Только на третій день привели лошадь. Ее нашли въ какомъ-то оврагѣ свалившеюся съ кручи. Она была вся избита, вся ободрана, вся въ крови; отъ сбруи не оставалось и слѣда. Увидавъ лошадь, мой кучеръ объявилъ мнѣ, что знаетъ ее давно, знаетъ отлично; что лошадь дѣйствительно заводская съ хорошимъ ходомъ, но что для ѣзды не годится, ибо постоянно, при встрѣчахъ съ собаками, начинаетъ бить. Только тутъ вспомнилъ я визгъ витушкинскихъ собакъ и хлопанье арапника и, вспомнивъ обстоятельство это, ускользнувшее въ то время отъ моего вниманія, я только теперь сообразилъ, что собаки на время пробы лошади, были заперты Кануркой. Брать лошадь за уши можно было сколько угодно, и предположеніе мое, что лошадь понесла, вѣроятно, потому, что задѣла какъ нибудь ушами за поводки, оказалось неосновательнымъ. Было ясно, что Витушкинъ лошадью меня надулъ какъ нельзя лучше и что «вѣчный работникъ» будетъ только вѣчно ломать мои экипажи. Однако, попался же и Витушкинъ въ свою очередь.

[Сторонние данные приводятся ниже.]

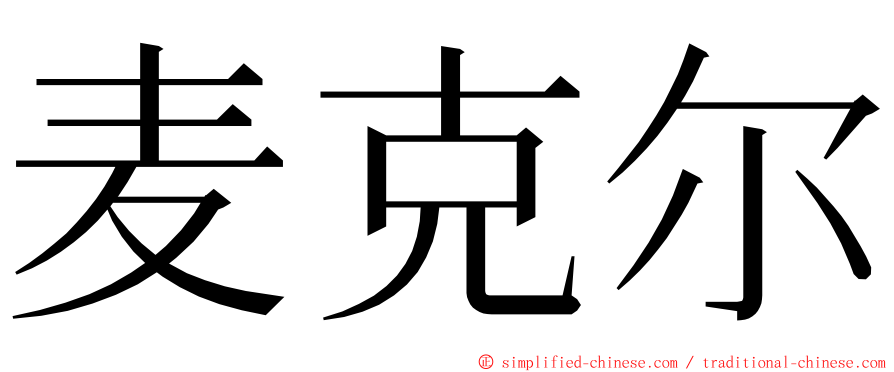 麦克尔 ming font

Какъ-то, недѣли черезъ полторы послѣ случившагося, заѣхалъ я къ сосѣду-помѣщику. Войдя въ залу, я увидалъ Петра Гаврилыча. Онъ сидѣлъ передъ раскрытой роялью и, ключемъ подтягивая струну, ударялъ по клавишѣ, прислушиваясь къ звуку дрожавшей струны.

Я подошелъ къ нему.

— Здраствуйте, проговорилъ я.

— Ахъ виноватъ-съ… Извините, я не замѣтилъ-съ…

— Ну, что ваши ушибы?

— Теперь ничего-съ… Слава Богу… проговорилъ онъ. Да вѣдь и ушибы-то пустые были… больше отъ испуга…

— А что, господа-то, дома?

— Дома-съ, баринъ на балконѣ газеты читаетъ, а барыня въ саду варенье варитъ.

И потомъ, немного помолчавъ, онъ прибавилъ:

— А Витушкина за лошадку-то Господь-таки наказалъ-съ…

— Что такое?

— Развѣ не изволили слышать?

— Нѣтъ, ничего.

— Вѣдь монаховъ-то поймали-съ!…

— Что вы говорите!

— Вѣрно-съ. Оказалось, что это вовсе не монахи были, а просто мошенники. И поймали ихъ тамъ-же, въ той-же сторонѣ, на Щукиныхъ хуторахъ.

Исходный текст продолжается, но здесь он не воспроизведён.